"Não fui eu que joguei aquela droga de criança no Rio". Para mim, esta frase diz tudo sobre a brutalidade da mulher que – segundo suspeita a polícia – lançou a filha de três meses na Lagoa da Pampulha. Tentava livrar-se da culpa, estava nervosa, e, evidentemente, sem pleno controle verbal. A frase foi, mais ou menos, esta; porém não importa: a expressão "droga de criança" se lhe escapou num momento de desespero, talvez por haver sido descoberta, talvez por culpa irremediável. Aquele "droga de criança" diz tudo o que lhe varria o sentimento. É o clássico ato falho, que nos leva à observação de um psicanalista há vários anos: "o importante não é o que a gente fala, mas o que a gente "falha".

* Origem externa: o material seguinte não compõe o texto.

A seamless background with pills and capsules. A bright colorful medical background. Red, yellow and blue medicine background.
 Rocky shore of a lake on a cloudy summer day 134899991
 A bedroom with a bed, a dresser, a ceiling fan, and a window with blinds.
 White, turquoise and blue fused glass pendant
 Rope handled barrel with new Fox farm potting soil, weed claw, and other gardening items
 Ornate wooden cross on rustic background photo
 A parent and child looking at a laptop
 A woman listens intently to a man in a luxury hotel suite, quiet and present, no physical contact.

Estas súbitas intromissões do que nos lateja dentro e tentamos guardar ou esconder, representam o mais eloqüente dos elementos denunciadores de sombrias grutas internas, escondidas pelas aparências, conveniências ou pela mentira. Neste, como em outros casos, tenho profunda compaixão pessoal. Isto não exclui que deva ser apurado. Se houve culpa, é crime hediondo.
Impressionado, além de ler a respeito, tenho ouvido entrevistas várias com diferentes enfoques sobre este caso. Numa rádio, um psiquiatra inteligente cujo nome se me escapou naquela pressa dos entrevistadores, aludiu ao que até poderia ser o que a ciência moderna chama de psicose puerperal, logo, um ato de loucura. Também é possível.
Seja qual a for a situação daquela mulher, nada impacta mais este cronista do que a expressão "droga de criança", diante de um ser indefeso e inocente, saído do útero para ser salvo pela Providência. Nenhum filho do mundo é droga de criança. A frase é estarrecedora. Mesmo que não ameaçasse a vida de sua filha e apenas desejasse deixá-la para outros criarem, "droga de criança" traz a idéia de um estrupício, de maldição.
Deus tenha misericórdia dessa mulher e do ser humano em seu lado violento e brutal, diariamente a ceifar vidas através de mil recursos e pretextos. Lembro o verso do poeta que, caso fosse conhecido e vivenciado pelas pessoas, o mundo seria melhor: "O bem é uma subida que não cansa".